> **REQUIREMENT**
Print the lines exactly. Start at the first line of the material below, end with the line that contains "For the file", and skip all pictures.

> **THE DATA**
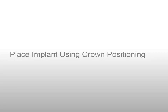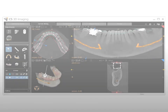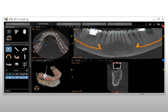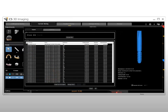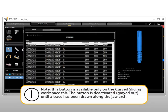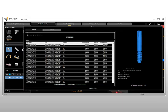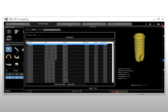To place an implant using crown positioning, CS3D Imaging Prosthetic Driven Implant Planning enables you to position an implant based on the final position of the crown. When you have placed a crown in the desired position, take measurements to calculate the position and size of the implant. In the Tools section of the Curve Slicing tab toolbox, click the Implant button. The Implant Library window is displayed. Note: this button is available only on the Curve Slicing Workspace tab and is deactivated until a trace has been drawn along the jaw arch. Scroll through the list of available implants in the catalog, using search filters to narrow the list.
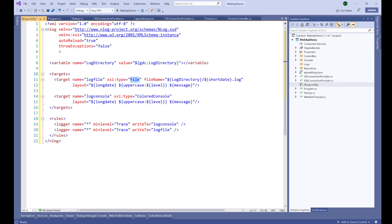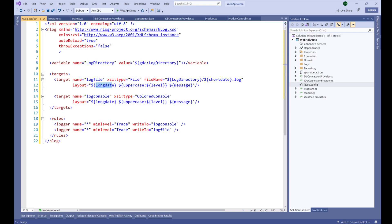For the file target, we provide the filename: the log directory variable combined with a short date and then 'log.txt'. The layout defines the format of the log messages. Our log messages will first have the long date, then the log level label (Info, Error, Warning) converted to uppercase, and finally the actual log message. I will show you shortly what this layout produces.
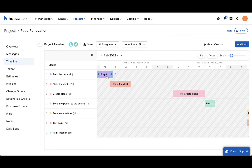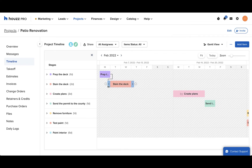You can create your dependencies in the Gantt view by dragging the connector arrow from one item to another.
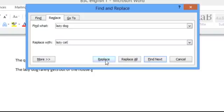To replace all, Microsoft Word will find the words lazy dog and replace them with lazy cat at all the instances before or after the cursor.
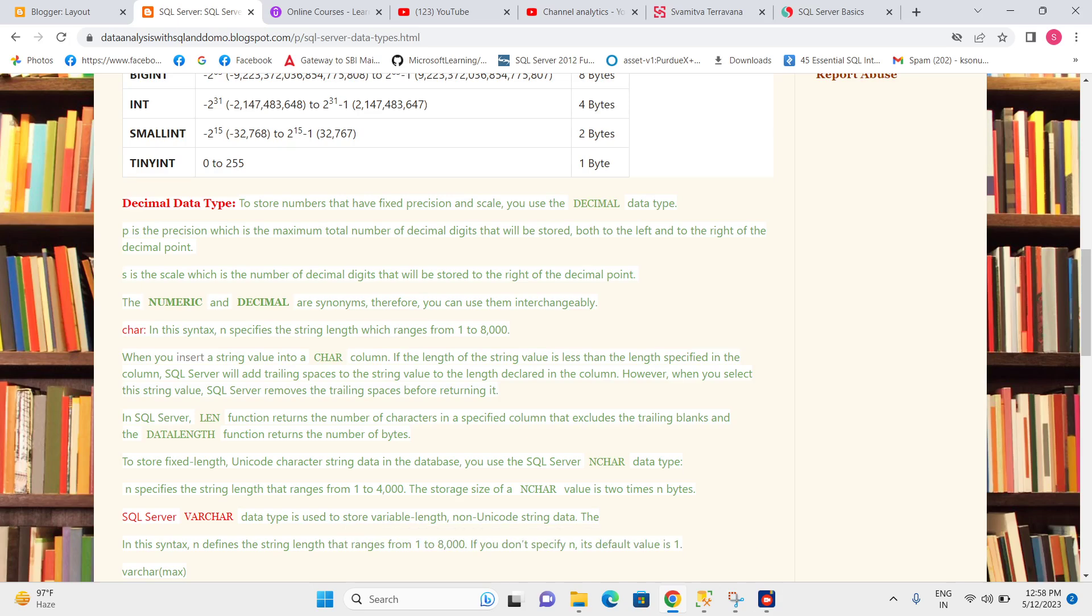Hello everyone. In this video, I am going to explain the decimal data type in SQL Server. When we have to store a number which has fixed precision and scale, we can use a decimal data type.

> **EXPECTED OUTPUT**
To place an implant using crown positioning, CS3D Imaging Prosthetic Driven Implant Planning enables you to position an implant based on the final position of the crown. When you have placed a crown in the desired position, take measurements to calculate the position and size of the implant. In the Tools section of the Curve Slicing tab toolbox, click the Implant button. The Implant Library window is displayed. Note: this button is available only on the Curve Slicing Workspace tab and is deactivated until a trace has been drawn along the jaw arch. Scroll through the list of available implants in the catalog, using search filters to narrow the list.
For the file target, we provide the filename: the log directory variable combined with a short date and then 'log.txt'. The layout defines the format of the log messages. Our log messages will first have the long date, then the log level label (Info, Error, Warning) converted to uppercase, and finally the actual log message. I will show you shortly what this layout produces.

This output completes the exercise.